# Phoneme Classifier Testing: Noisy
### Author: Cathal Ó Faoláin
### 15:51, 02/08/2024

The goal of this work is to understand how we can use predicted IHC potentials, such as those predicted by WavIHC, introduced in the paper "WaveNet-based approximation of a cochlear filtering and hair cell transduction model".  Feature encoders designed to use these predicted IHC potentials are evaluated against other state-of-the-art feature encoders in order to understand how discriminating they are, and over a range of different Signal-to-Noise Ratios (SNRs).

This notebook tests the feature encoders we shall evaluate. We have 12 feature encoders:

- Contrastive Predictive Coding (CPC)
- CPC-80
- Wav2vec2.0
- Wav2vec2.0-80
- Autoregressive Predictive Coding (APC)
- IHC CPC
- IHC CPC 80
- IHC Wav2vec2
- IHC Wav2vec2 80
- IHC Extract
- IHC Extract 512
- IHC Extract 2

The first three feature encoders, CPC, Wav2vec2.0 and APC are based on the designs used in each of the papers. Any context encoders that tries to model longer-term dependencies have been removed - so no transformers or Recurrent Neural Networks (RNN). This is to allow for us to evaluate how discriminating the features themselves are. 

IHC CPC and Wav2vec2 are adapted feature encoders that take predicted IHC potentials as input rather than the signal alone. Each is inspired by their namesake models.

The testing here is over an SNR range of -10dB to 30dB. There are two main classes of noise added - amplitude modulated and steady. The types of additive noise is:
- White Noise (Steady)

This should give us a good indication of how well our new features are able to separate speech information from a noisy environment or background. 

## Imports

In [1]:
import torch
from torch import nn
import librosa
import time
from torch.nn.utils.rnn import pad_packed_sequence, pack_padded_sequence
from torch.utils.data import DataLoader, Dataset, IterableDataset
import torchaudio
import pandas as pd
import numpy as np
import time
import sys
import yaml
import math
import scipy.signal as signal
from dataclasses import dataclass, field
from typing import List, Tuple
import torch.nn.functional as F
from pathlib import Path
import pickle

In [2]:
sys.path.append('./IHCApproxNH/')
from classes import WaveNet
from utils import utils
from Encoders import FeatureEncoders 
from TIMIT_utils import TIMIT_utils
from Train_TestFunctions import TrainEvalFunctions

## Set Global Variables

In [3]:
#And save location 
dir_results=Path('Results/Noisy')
dir_results.mkdir(parents=True, exist_ok=True)

#Noise variables
SNRs=[30, 25, 20, 15, 10, 5, 0, -5, -10]
noise_types=['White', 'air_conditioner', 'dog_bark', 'street_music', 'children_playing']

## Noise Test : Fully Trained Clean Models

This sections tests models trained on the full clean dataset, and evaluated in their training on the validation dataset.
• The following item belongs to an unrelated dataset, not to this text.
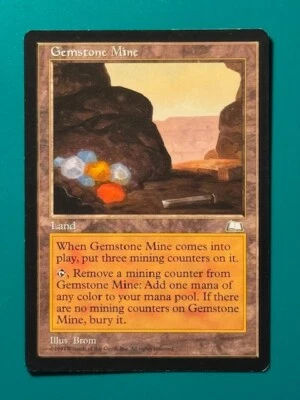 💎 MTG Gemstone Mine #5 – Weatherlight – Lightly Played Beauty - Image 1 of 2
These models have never been exposed to noise in their training, and gives us their overall performance. Both original (signal or mel spectrogram input) models and IHC-input models are tested here over the range of SNRs provided and over all the different noise types.

### Original Models testing

In [4]:
#original_models=[ "MelSimple_MLP", "MelSimple", "Wav2vec2", "Wav2vec2_80", "CPC_80", "CPC",  "SIG_Extract", "SIG_Extract_512", "SIG_Extract_2.0", "Whisper", "Whisper_80", "SIG_Extract_3.0"]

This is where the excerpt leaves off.